Each entry here needs to be given again exactly.
[[ The input, beginning ]]
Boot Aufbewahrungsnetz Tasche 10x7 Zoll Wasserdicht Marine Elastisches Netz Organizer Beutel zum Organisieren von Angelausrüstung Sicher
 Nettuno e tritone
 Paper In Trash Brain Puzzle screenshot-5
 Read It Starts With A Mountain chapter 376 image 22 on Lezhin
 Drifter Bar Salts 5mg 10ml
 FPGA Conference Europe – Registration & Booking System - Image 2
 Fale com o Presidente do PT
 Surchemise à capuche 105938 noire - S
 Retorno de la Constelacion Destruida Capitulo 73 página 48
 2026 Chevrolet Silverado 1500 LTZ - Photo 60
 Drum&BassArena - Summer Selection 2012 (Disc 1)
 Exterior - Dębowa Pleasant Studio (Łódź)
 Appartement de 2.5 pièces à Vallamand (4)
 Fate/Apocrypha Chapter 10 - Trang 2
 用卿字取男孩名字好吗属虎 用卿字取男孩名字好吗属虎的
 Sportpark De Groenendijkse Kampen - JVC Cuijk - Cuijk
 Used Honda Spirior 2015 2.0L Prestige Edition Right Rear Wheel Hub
[[ The input, end ]]
◆ **Your solution**
Boot Aufbewahrungsnetz Tasche 10x7 Zoll Wasserdicht Marine Elastisches Netz Organizer Beutel zum Organisieren von Angelausrüstung Sicher
 Nettuno e tritone
 Paper In Trash Brain Puzzle screenshot-5
 Read It Starts With A Mountain chapter 376 image 22 on Lezhin
 Drifter Bar Salts 5mg 10ml
 FPGA Conference Europe – Registration & Booking System - Image 2
 Fale com o Presidente do PT
 Surchemise à capuche 105938 noire - S
 Retorno de la Constelacion Destruida Capitulo 73 página 48
 2026 Chevrolet Silverado 1500 LTZ - Photo 60
 Drum&BassArena - Summer Selection 2012 (Disc 1)
 Exterior - Dębowa Pleasant Studio (Łódź)
 Appartement de 2.5 pièces à Vallamand (4)
 Fate/Apocrypha Chapter 10 - Trang 2
 用卿字取男孩名字好吗属虎 用卿字取男孩名字好吗属虎的
 Sportpark De Groenendijkse Kampen - JVC Cuijk - Cuijk
 Used Honda Spirior 2015 2.0L Prestige Edition Right Rear Wheel Hub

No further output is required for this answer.